Les conseils pratiques et astuces de mediatraining

  • N’oubliez pas que l’image (visuelle ou sonore) que l’on dégage sera la représentation de l’image de l’entreprise. Une attitude dégagée, figée, contrainte ou maussade sera associée, dans l’esprit du grand public, à l’image du groupe.
  • Pensez à décomposer toutes les réponses en deux temps : idée et exemple (chiffres, ordre de grandeur, etc.). Ils vous permettront de mieux « capter » l’attention du public et d’atteindre le double objectif de l’interview : informer et étonner.
  • Soyez directe et brève dans vos réponses. Commencez toujours par la réponse à la question posée et développez vos arguments dans un second temps en priorisant ces derniers. Ne cherchez pas à tout dire.
  • Lorsqu’une réponse implique le développement de plusieurs arguments, pensez à « prendre l’auditeur par la main » en donnant le plan de votre réponse. Ainsi, celui qui vous écoute aura l’ensemble des éléments de la réponse et vous suivra plus facilement dans votre argumentation.
  • Veiller à être suffisamment complète (mais pas trop) pour induire les questions suivantes. Vous devez garder à l’esprit que l’enchaînement des questions se fait souvent en réaction au contenu de la réponse précédente.
  • N’hésitez pas à corriger les erreurs que pourrait dire un journaliste, quitte à surprendre par votre réponse.
  • Si l’interview n’est pas en direct, n’hésitez pas à vous accorder un temps de réponse sur des sujets sensibles ou à interrompre une question si votre réponse vous semble inadaptée. Et sachez déminer les questions du journaliste en préparant en amont les questions sensibles qu’il pourrait vous poser.
  • Gardez toujours à l’esprit la nature du public auquel vous vous adressez (spécialistes, grand public, etc.), le type de support au sein duquel vous intervenez (presse écrite, TV, radio) et les conditions d’interview qui leur sont associées (direct, différé).

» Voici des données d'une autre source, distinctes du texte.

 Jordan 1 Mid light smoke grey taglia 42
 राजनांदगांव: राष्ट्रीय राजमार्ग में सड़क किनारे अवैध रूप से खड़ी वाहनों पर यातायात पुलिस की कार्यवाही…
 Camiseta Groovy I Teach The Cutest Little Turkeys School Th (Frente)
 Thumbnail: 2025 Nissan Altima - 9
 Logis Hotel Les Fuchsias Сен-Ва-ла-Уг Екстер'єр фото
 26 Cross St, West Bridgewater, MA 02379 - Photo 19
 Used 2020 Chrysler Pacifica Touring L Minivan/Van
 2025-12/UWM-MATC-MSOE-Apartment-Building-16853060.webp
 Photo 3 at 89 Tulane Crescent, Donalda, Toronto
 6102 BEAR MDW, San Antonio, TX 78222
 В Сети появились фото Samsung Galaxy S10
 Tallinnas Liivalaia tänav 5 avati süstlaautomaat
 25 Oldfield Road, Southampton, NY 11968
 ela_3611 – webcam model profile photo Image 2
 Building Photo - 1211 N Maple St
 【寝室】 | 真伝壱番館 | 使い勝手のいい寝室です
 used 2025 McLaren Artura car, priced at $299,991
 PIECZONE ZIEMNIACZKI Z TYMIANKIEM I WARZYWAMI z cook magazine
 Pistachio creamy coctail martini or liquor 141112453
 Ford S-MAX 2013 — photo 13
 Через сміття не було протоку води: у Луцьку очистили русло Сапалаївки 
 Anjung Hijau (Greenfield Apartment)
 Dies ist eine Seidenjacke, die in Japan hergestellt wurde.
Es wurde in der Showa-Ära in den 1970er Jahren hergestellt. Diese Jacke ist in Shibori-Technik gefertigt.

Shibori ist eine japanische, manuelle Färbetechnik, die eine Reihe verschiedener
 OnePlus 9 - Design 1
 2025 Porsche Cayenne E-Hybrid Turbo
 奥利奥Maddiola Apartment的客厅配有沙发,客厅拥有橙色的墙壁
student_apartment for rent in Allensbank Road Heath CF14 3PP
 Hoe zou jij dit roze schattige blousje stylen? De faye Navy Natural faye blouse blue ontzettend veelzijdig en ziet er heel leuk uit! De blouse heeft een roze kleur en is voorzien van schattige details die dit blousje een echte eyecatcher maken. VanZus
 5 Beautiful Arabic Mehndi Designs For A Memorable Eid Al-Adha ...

Il est tard, ce vendredi. Le cendrier posé sur la table déborde. Rendez-vous est pris lundi matin, à Boulogne-Billancourt, à 8h15, au pied des locaux de la chaine d’informations en continue qui va diffuser cette interview.

« Et pendant ces quelques jours du weekend, on se tient au silence médiatique.
– On va tâcher.
– On va se taire tout court. » ajoute le président du cabinet de gestion de crise.